Yesterday, I discussed Microsoft’s very public and damaging experience of “human error” in routine network change. But the real challenge for Microsoft and virtually every other organization is the sheer number and complexity of managing the number of changes and the configurations across the entire network. If every organization had unlimited staff, resources and time, it could be done manually, but as we all know, no organization has that luxury. So organizations must enhance their existing change processes with more automation and intelligence to reduce the risk of vulnerabilities which just hammered Microsoft.

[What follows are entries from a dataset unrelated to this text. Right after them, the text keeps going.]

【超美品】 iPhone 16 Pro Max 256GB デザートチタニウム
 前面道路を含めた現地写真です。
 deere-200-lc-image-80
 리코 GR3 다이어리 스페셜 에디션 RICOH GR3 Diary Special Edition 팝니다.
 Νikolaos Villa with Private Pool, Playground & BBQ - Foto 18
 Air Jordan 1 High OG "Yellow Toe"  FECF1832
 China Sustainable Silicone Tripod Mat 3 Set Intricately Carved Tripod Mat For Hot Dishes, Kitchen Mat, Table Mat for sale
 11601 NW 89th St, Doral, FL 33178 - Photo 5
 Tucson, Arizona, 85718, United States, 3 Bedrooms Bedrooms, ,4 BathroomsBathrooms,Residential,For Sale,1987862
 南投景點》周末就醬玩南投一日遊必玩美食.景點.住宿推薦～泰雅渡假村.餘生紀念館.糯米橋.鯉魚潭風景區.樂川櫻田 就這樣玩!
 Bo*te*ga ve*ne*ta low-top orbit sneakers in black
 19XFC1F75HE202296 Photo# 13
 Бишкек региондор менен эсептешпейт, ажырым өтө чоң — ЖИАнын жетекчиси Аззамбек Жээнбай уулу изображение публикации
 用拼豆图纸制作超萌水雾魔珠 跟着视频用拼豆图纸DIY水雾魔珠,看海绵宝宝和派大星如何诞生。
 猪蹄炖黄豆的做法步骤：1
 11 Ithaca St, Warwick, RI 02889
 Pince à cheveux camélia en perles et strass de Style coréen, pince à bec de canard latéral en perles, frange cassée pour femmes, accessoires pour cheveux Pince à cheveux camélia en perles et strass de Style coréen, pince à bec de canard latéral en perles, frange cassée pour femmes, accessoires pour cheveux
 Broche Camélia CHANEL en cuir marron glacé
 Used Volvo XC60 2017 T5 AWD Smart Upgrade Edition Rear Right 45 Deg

There are several best practices to help organization manage change better and reduce the risk of human error. The best practices include:
- Have a change process and follow it
- Use a “trust but verify model”—you trust everyone follows the process, but verify by tracking every change on the network, both planned and unplanned
- Implement your best practices/standards/compliance policies but not just during
installation, use ongoing management to detect violations
- Proactively monitor change and configuration 24×7 to find problems and hard to find issues
As I talk to organizations across the world, virtually every IT organization has the first best practice implemented with a change process. But then the day to day use of the next three drops radically. Many organizations assume no changes occur outside of maintenance window or everything is documented perfectly, but in reality, we all know their our outliers all of the time. Again, virtually every organization has best practices or gold standards, but only think about them during the initial install. They are too busy to go out and look device by device to find any violations and “configuration creep” is bound to cause inconsistency. And finally, the proactive management has the lowest percentage today for more IT organizations because they are so busy doing everything else, they wait for a problem to occur and then go into the troubleshooting and firefighting mode.
The good news is these challenges can be addressed through automation, intelligence and control solutions. NetMRI is a leading solution for helping organization take more control and automate network configuration, change and compliance management across the entire network. Automation, control and intelligence can help with aspects such as:
- Limiting human error by automating changes
- Detecting planned and unplanned modifications by identifying every change
- Ensuring changes do not violate compliance standards or internal best practices
- Leveraging intelligence to find suboptimal configurations before end users are impacted or vulnerabilities exploited
While in an ideal world, it’s impossible to eliminate every unintended consequence that could damage an enterprise, the potential risk and exposure can be greatly reduced through managing change, configuration and compliance better. Organizations spend huge sums on redundancy and back up plans, but over and over again, the vast majority of issues are caused by change. Organizations should step up more and start to invest the time, people and resources to eliminate then number one cause of issues today.
Who knows, if the Microsoft staff saw an unplanned change right away or received an alert of a suboptimal configuration or identified a security best practice was violated, could this problem have been fixed well before a hacker found a way in? No one knows for sure, but a betting man would have just eliminated three potential risks in a matter of minutes.